Data extract —
=== Begin Enclosure ===
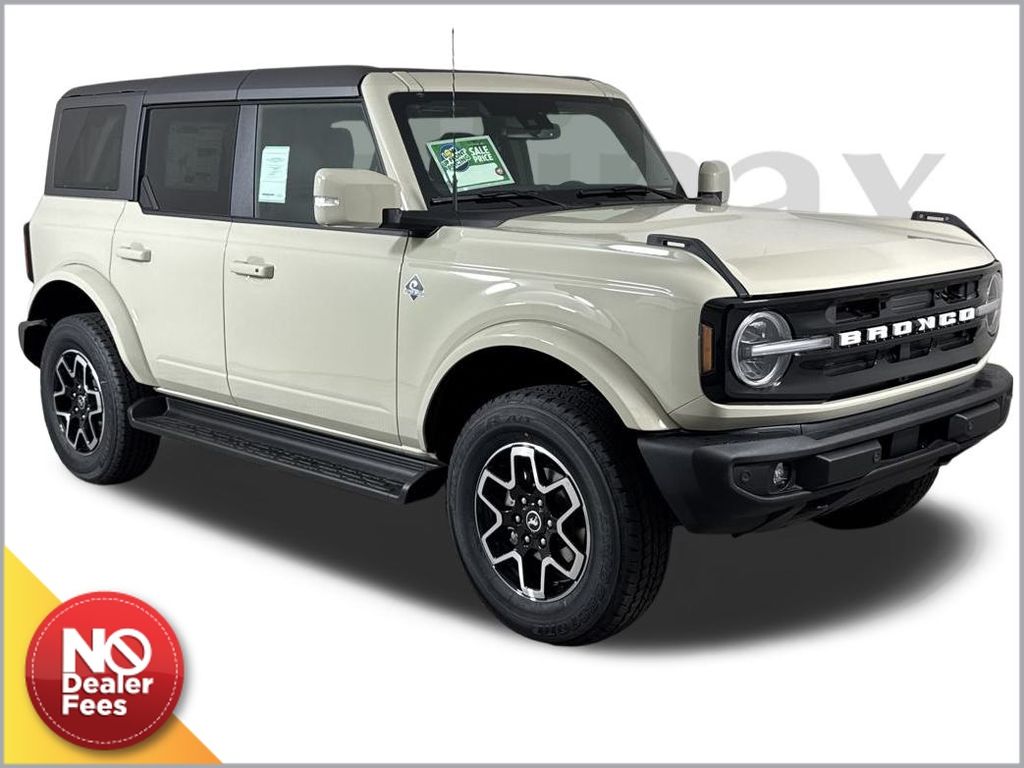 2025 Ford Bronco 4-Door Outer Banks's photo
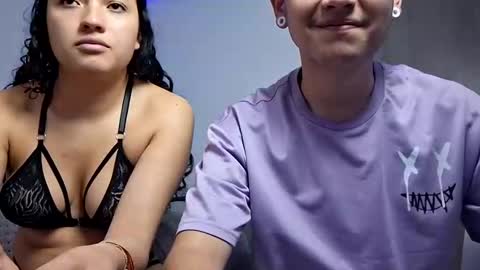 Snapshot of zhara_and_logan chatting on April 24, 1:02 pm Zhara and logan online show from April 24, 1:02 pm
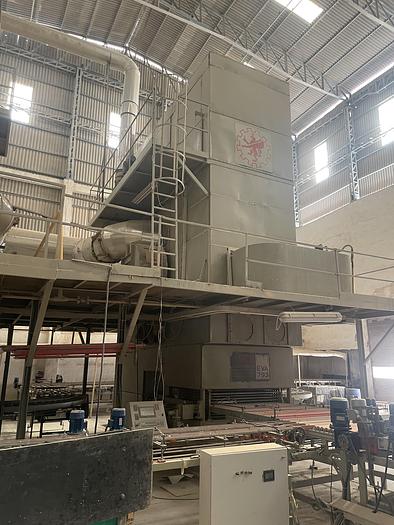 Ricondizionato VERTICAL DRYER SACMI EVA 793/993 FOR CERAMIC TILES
=== End Enclosure ===
Exercise —
Copy each line of the listing exactly, skipping any picture.

Response —
 2025 Ford Bronco 4-Door Outer Banks's photo
 Snapshot of zhara_and_logan chatting on April 24, 1:02 pm Zhara and logan online show from April 24, 1:02 pm
 Ricondizionato VERTICAL DRYER SACMI EVA 793/993 FOR CERAMIC TILES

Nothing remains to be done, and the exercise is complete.